Roger wrote:

I agree that we would have the same problem with a perfect current
source which had an infinite impedance.

How about using a perfect POWER source, that could not absorb power.
Output power would be limited by the external impedance. Mathematically,
the perfect POWER source would be described by

Ps = (Vp^2)/Zvp = Zip * Ip^2 where Ps = maximum power output, Vp =
voltage from perfect voltage source, Zvp = 0, Zip = infinity, and Ip =
current from a perfect current source.

The power output could be infinite, but power could never be absorbed by
the source.

Just as for both perfect voltage and perfect current sources, the actual
power output would be limited by external loads.
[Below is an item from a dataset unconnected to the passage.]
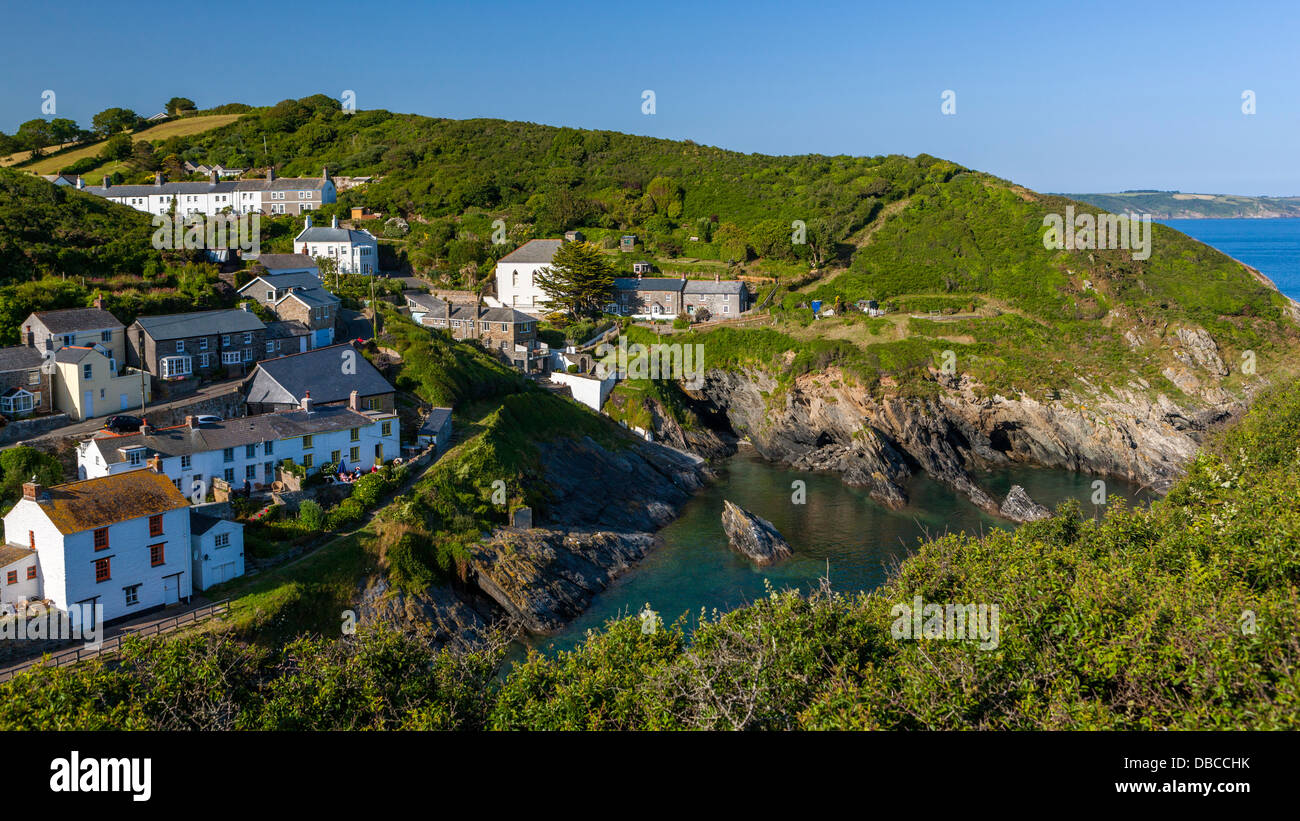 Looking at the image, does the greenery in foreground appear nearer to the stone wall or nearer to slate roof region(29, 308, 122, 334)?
the stone wall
The impedance of the perfect POWER source would be Vp/Ip, both
controlled by external loads. To me that means that the output power
from the perfect POWER source would follow the impedance presented by
the load, but power going into the source would be defined as being zero.

Would the "perfect power source" be acceptable to you?

No. As I mentioned on another thread, this is a nonlinear device, which
would not permit using the linear circuit analysis I used. It would
require reverting to fundamental differential equations, which I'm not
willing to do. I'll be willing to use absolutely any linear source
(which doesn't change during the analysis period) you can devise. Any
linear source can be reduced to a Thevenin or Norton equivalent to
produce identical results.

Can't your concept of transmission lines deal with linear sources? If
not, why not?

Roy Lewallen, W7EL